<<<<
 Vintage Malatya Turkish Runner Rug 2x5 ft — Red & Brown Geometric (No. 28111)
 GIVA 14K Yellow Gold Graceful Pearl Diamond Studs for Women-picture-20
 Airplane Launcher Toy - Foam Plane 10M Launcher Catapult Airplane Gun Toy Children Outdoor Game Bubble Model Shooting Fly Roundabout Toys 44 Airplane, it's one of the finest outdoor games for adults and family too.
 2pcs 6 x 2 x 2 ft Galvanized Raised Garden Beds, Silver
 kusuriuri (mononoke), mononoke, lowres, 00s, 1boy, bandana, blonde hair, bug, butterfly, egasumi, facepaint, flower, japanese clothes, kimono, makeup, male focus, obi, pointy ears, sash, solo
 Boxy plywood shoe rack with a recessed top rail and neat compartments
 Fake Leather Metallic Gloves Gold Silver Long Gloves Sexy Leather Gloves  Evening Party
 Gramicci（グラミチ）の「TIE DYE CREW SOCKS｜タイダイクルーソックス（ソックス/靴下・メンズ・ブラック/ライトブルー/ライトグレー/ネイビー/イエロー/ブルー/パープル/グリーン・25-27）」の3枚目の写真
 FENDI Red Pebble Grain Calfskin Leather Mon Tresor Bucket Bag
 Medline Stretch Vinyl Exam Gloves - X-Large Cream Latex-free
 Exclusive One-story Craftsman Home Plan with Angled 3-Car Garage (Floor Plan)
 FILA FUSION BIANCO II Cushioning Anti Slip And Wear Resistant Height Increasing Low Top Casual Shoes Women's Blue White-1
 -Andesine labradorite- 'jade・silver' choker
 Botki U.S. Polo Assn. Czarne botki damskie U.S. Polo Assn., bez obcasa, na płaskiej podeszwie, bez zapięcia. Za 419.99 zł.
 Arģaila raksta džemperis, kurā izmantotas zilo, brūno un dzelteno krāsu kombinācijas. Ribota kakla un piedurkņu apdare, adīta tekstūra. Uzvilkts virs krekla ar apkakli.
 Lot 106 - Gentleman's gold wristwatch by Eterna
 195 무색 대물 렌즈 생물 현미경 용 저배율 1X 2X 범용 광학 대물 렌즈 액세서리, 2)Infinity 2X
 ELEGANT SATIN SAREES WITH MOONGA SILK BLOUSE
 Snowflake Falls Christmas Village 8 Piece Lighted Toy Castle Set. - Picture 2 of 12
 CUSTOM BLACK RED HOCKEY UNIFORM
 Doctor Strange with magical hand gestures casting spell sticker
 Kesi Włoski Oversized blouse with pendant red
>>>>
Exercise directions. With the line holding "ears, sash, solo" as the first and the line holding "Botki U.S. Polo" as the last, please transcribe exactly the lines of the material above in that range and nothing else.

Output for this exercise.
 kusuriuri (mononoke), mononoke, lowres, 00s, 1boy, bandana, blonde hair, bug, butterfly, egasumi, facepaint, flower, japanese clothes, kimono, makeup, male focus, obi, pointy ears, sash, solo
 Boxy plywood shoe rack with a recessed top rail and neat compartments
 Fake Leather Metallic Gloves Gold Silver Long Gloves Sexy Leather Gloves  Evening Party
 Gramicci（グラミチ）の「TIE DYE CREW SOCKS｜タイダイクルーソックス（ソックス/靴下・メンズ・ブラック/ライトブルー/ライトグレー/ネイビー/イエロー/ブルー/パープル/グリーン・25-27）」の3枚目の写真
 FENDI Red Pebble Grain Calfskin Leather Mon Tresor Bucket Bag
 Medline Stretch Vinyl Exam Gloves - X-Large Cream Latex-free
 Exclusive One-story Craftsman Home Plan with Angled 3-Car Garage (Floor Plan)
 FILA FUSION BIANCO II Cushioning Anti Slip And Wear Resistant Height Increasing Low Top Casual Shoes Women's Blue White-1
 -Andesine labradorite- 'jade・silver' choker
 Botki U.S. Polo Assn. Czarne botki damskie U.S. Polo Assn., bez obcasa, na płaskiej podeszwie, bez zapięcia. Za 419.99 zł.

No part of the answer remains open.